◆ WHAT IS NEEDED ◆
Scan the records below for the line containing "中共领导人习近平在北京举行的" and the line containing "John Cena and". Copy both, plus every line between, exactly.

◆ DATA SECTION ◆
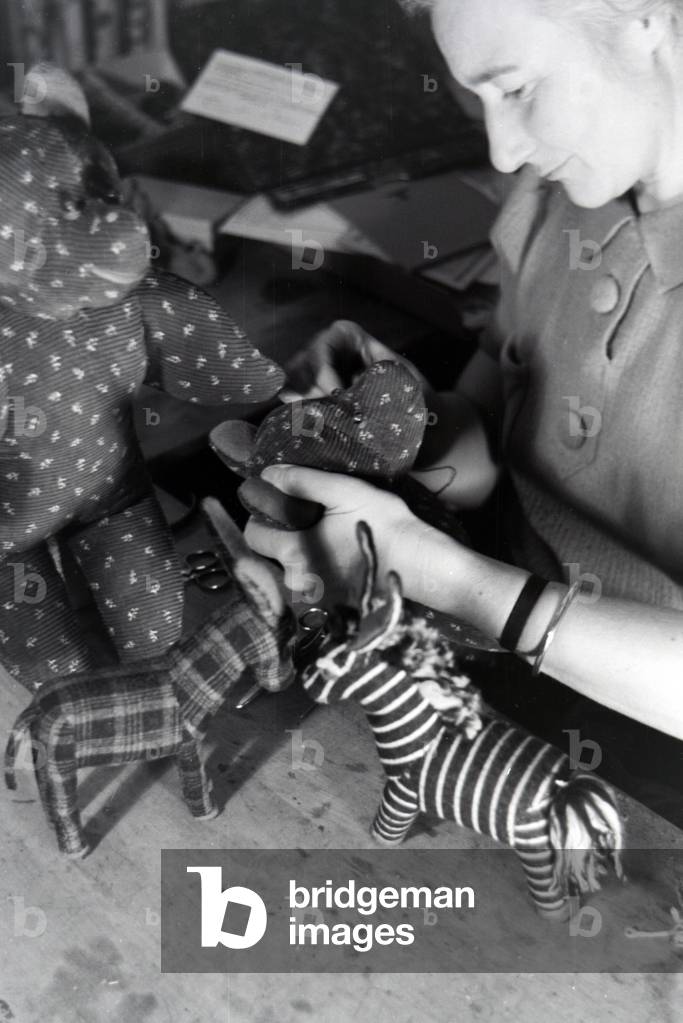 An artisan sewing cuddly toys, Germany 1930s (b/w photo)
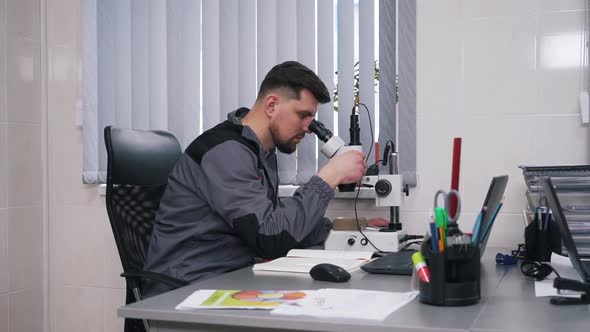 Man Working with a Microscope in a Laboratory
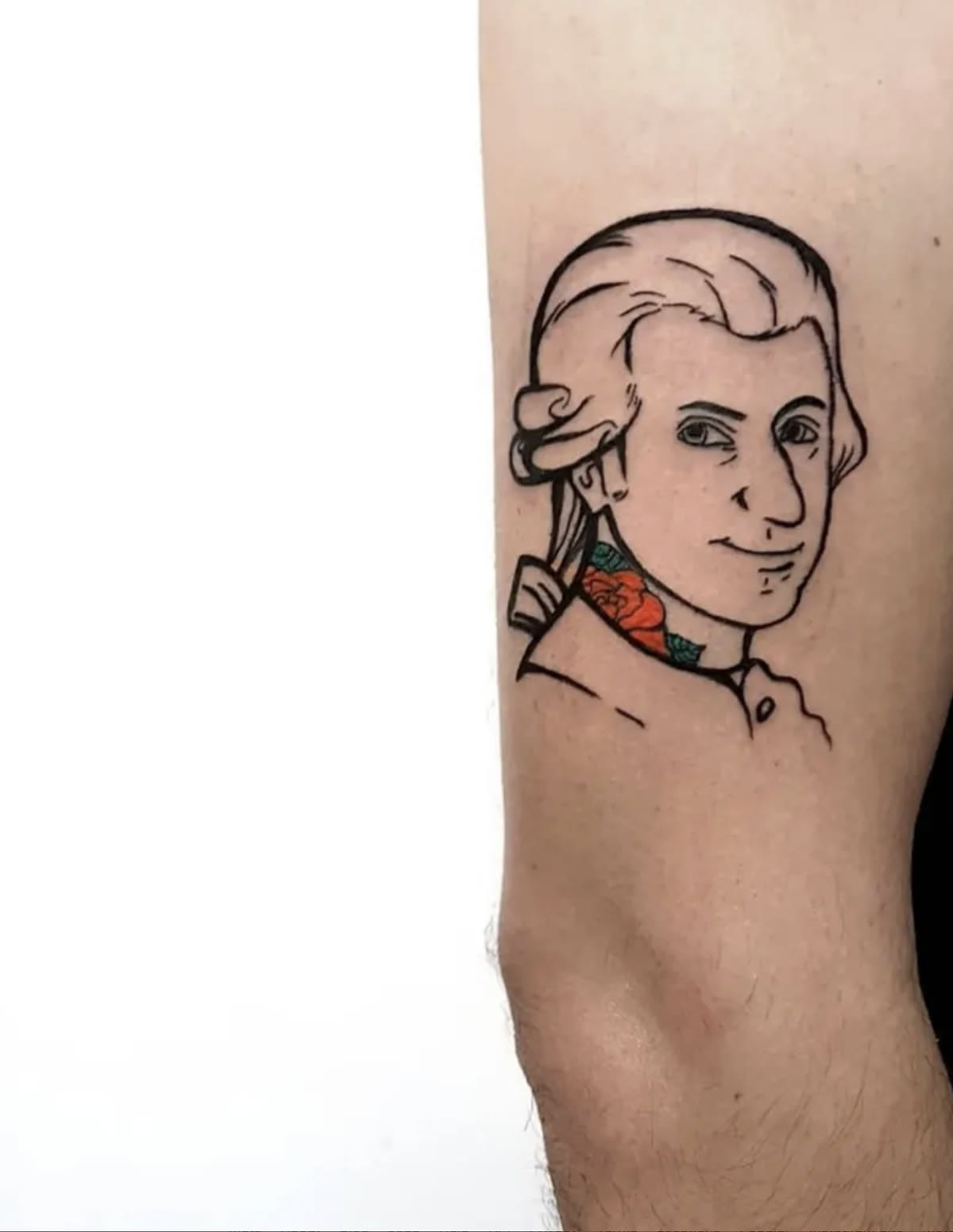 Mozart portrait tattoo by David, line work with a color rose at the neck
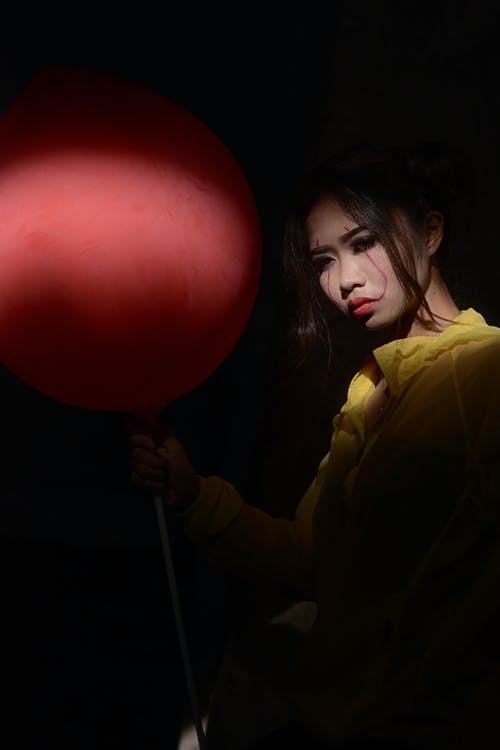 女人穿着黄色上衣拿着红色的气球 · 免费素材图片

==

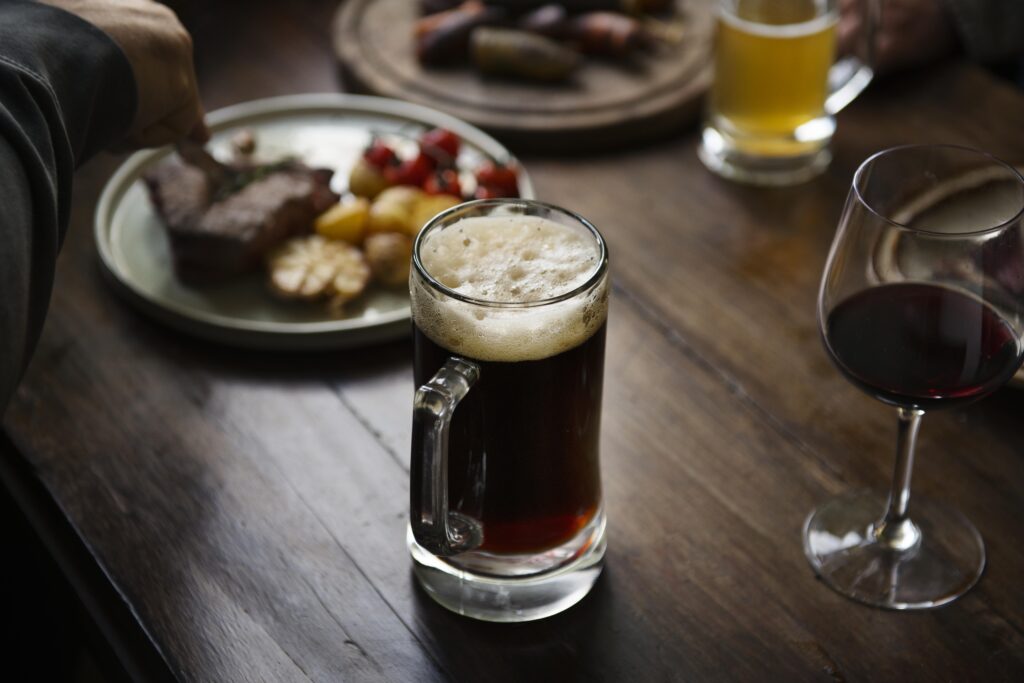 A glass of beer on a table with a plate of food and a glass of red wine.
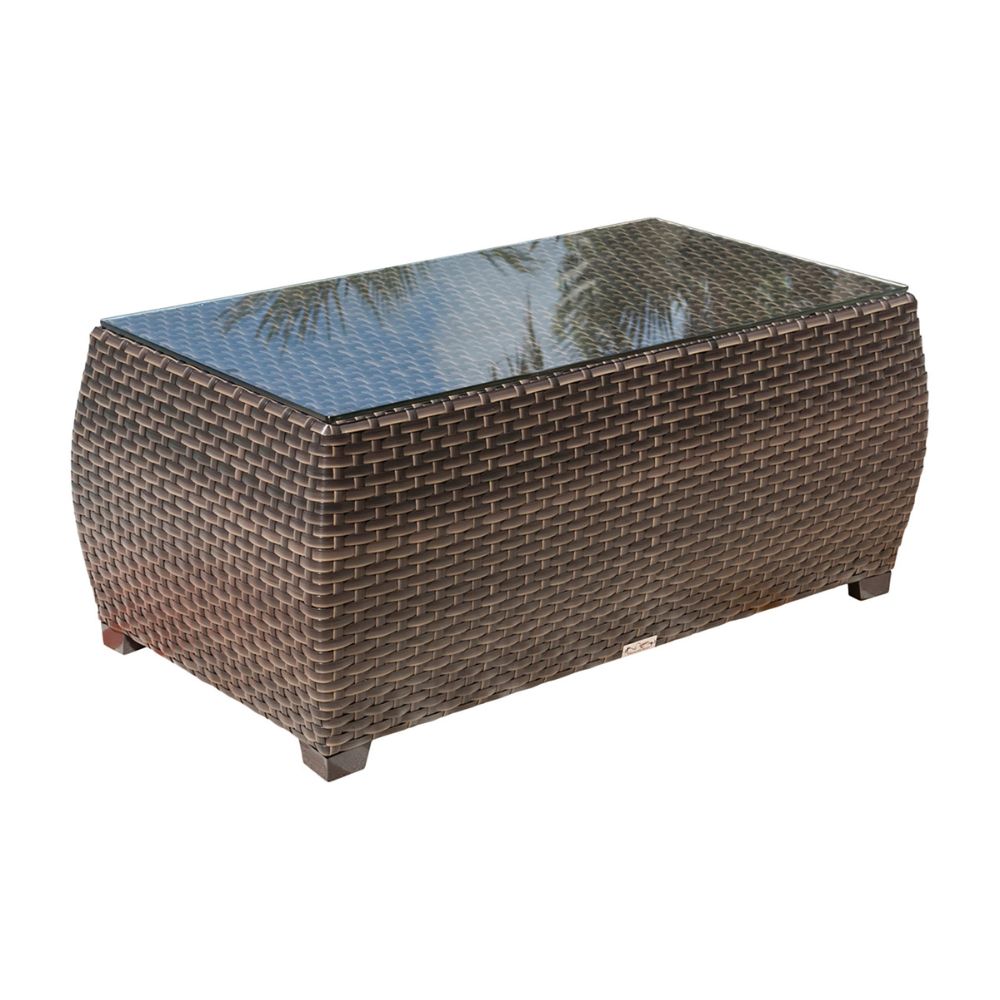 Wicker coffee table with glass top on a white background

...

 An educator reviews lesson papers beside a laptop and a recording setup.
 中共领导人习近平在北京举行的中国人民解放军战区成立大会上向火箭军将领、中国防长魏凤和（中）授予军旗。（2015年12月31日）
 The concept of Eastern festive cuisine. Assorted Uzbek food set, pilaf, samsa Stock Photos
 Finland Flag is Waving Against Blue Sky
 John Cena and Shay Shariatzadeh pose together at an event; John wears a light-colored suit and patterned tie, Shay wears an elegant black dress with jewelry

◆ SOLUTION ◆
 中共领导人习近平在北京举行的中国人民解放军战区成立大会上向火箭军将领、中国防长魏凤和（中）授予军旗。（2015年12月31日）
 The concept of Eastern festive cuisine. Assorted Uzbek food set, pilaf, samsa Stock Photos
 Finland Flag is Waving Against Blue Sky
 John Cena and Shay Shariatzadeh pose together at an event; John wears a light-colored suit and patterned tie, Shay wears an elegant black dress with jewelry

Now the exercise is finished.